- **About this exercise**: From the data below, set down exactly the lines between the one holding "GeoTech Pro GeoPorter" and the one holding "30*50mm Self-adhesive Foam", inclusive, and no others.
******
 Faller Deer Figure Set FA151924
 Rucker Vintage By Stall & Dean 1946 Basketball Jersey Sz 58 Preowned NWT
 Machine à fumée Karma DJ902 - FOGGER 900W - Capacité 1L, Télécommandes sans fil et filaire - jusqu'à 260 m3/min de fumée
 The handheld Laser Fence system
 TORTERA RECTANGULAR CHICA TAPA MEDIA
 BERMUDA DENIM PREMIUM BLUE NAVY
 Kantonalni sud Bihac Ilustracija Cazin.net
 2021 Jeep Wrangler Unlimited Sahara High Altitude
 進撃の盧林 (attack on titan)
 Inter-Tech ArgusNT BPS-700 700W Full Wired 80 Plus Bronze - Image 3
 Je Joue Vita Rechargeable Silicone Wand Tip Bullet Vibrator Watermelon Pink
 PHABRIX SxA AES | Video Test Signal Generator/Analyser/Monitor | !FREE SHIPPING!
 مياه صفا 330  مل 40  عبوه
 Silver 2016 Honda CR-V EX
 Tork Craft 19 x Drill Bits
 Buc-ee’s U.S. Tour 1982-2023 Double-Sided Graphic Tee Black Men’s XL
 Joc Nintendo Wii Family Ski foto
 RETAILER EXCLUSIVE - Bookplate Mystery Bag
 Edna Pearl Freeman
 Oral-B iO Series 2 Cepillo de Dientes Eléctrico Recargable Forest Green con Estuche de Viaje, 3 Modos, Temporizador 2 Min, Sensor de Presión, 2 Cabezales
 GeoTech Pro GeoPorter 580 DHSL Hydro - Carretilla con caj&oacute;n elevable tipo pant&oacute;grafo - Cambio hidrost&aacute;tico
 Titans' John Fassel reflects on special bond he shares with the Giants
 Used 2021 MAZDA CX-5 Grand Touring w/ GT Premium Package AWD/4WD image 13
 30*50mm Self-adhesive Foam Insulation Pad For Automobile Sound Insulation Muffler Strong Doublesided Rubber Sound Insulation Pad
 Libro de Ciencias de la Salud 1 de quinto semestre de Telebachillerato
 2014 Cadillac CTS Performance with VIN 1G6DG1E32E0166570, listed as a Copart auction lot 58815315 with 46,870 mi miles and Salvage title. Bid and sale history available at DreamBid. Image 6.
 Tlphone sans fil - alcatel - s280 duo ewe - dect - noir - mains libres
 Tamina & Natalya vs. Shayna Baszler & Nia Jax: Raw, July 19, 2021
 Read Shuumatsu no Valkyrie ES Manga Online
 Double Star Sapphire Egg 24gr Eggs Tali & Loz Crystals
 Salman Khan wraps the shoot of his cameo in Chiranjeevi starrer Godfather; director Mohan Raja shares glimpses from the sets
******
- **Output for this exercise**:
 GeoTech Pro GeoPorter 580 DHSL Hydro - Carretilla con caj&oacute;n elevable tipo pant&oacute;grafo - Cambio hidrost&aacute;tico
 Titans' John Fassel reflects on special bond he shares with the Giants
 Used 2021 MAZDA CX-5 Grand Touring w/ GT Premium Package AWD/4WD image 13
 30*50mm Self-adhesive Foam Insulation Pad For Automobile Sound Insulation Muffler Strong Doublesided Rubber Sound Insulation Pad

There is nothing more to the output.